The B list – a document containing things I want to do – is taking shape in Pages here on the computer. I have used one of the proprietory templates to set it out – more for the art of the thing than for efficiency. It is just a bullet list, but without the primers. We shall have to wait and see whether I can muster up enough propellant to actually fire anything off.

I can say at the outset that the list might have contained a lot more things but in the last 40 or so years I have actually done a tonne of stuff already. Making the list has pointed out how blessed I have been in this, and if nothing other than a sense of gratitude comes from it, I shall have been rewarded. The good thing about the B list is it is not a place that you have to list any regrets – all the items are desires. If I am honest with myself, they will be honest desires. ( If I have dishonest desires I can enter federal politics…)

Ever make one of these lists? Did yours include possessions that you wanted to own – or relationships you wanted to experience? I am surprised to find that, by and large, mine does not. The only product that appears on it amounts to no more than $ 300-$400 and I suspect it is the building and operation rather than the possession that attracts me. My relationships satisfy me now, and I don’t appear to lust after anyone in particular. All my friends are safe.

What does recur is the desire to go to certain places, and to see certain things – humble things. The highlights of the world do not seem to be for me – my wishes operate at a lower level. They do not take me to dangerous nor to expensive places. As an aside, I can be horrified by the price list for food in a local hotel but I can’t tell you whether that is founded on high local prices or miserliness.
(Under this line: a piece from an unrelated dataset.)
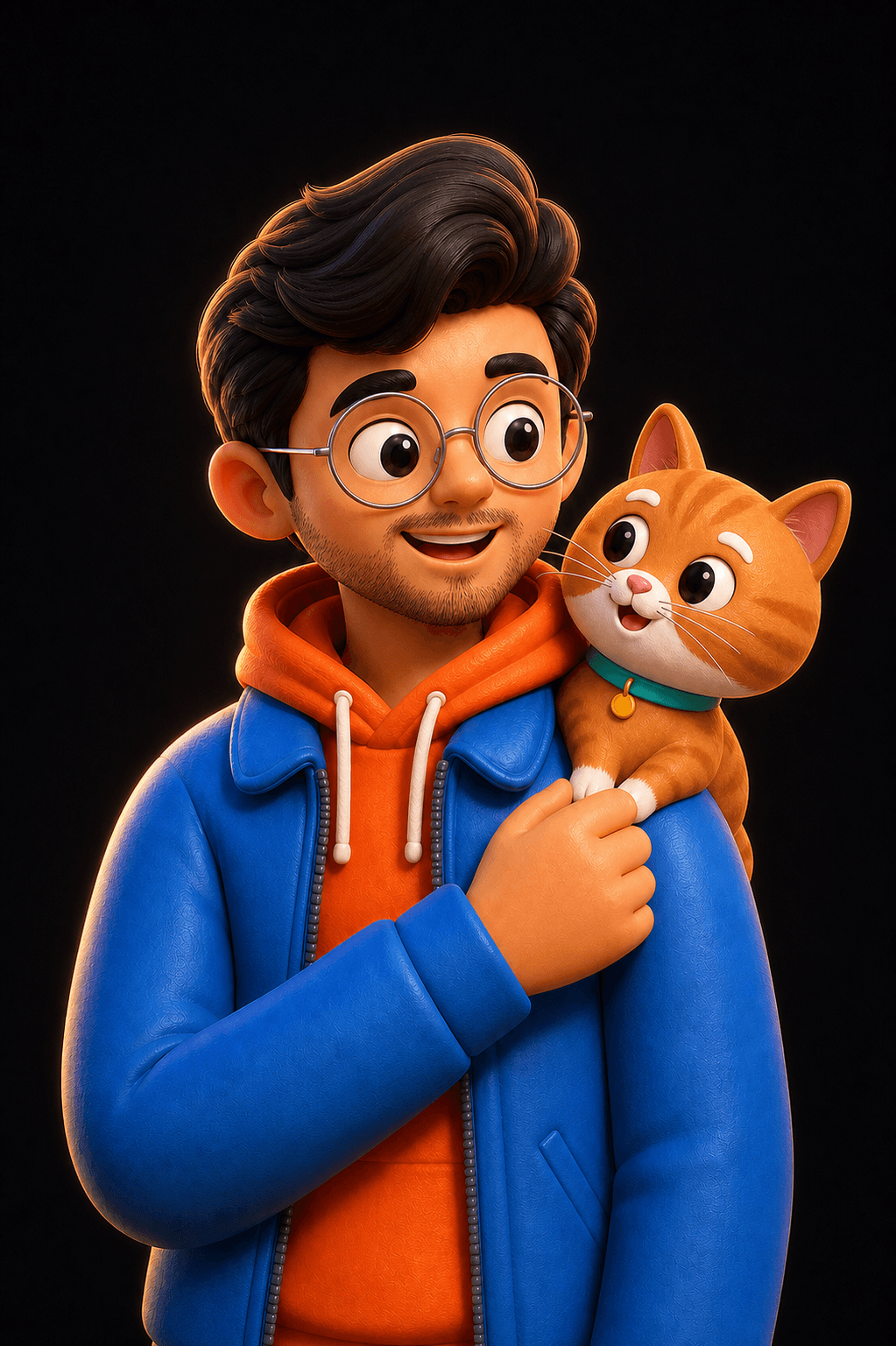 3D cartoon avatar of Aman Kumar wearing specs with light stubble and holding an orange cat with white paws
I have been known to pass up the opportunity to eat when the price surpassed that of a tank of petrol or a hardbound book.

The encouraging thing about having a modest B list is that it might actually match my means – I may be able to do many of the things on it. Prior life had more money in it that exists now, and some expensive desires were satisfied then. As I rarely re-visit my pleasures, I can be glad that they are done and dusted. The memories are free. Now I can concentrate on simpler things and the utilization of everything that has been accumulated. If I can find a use for dust bunnies from under the bed, I think that I can be happy well into next century.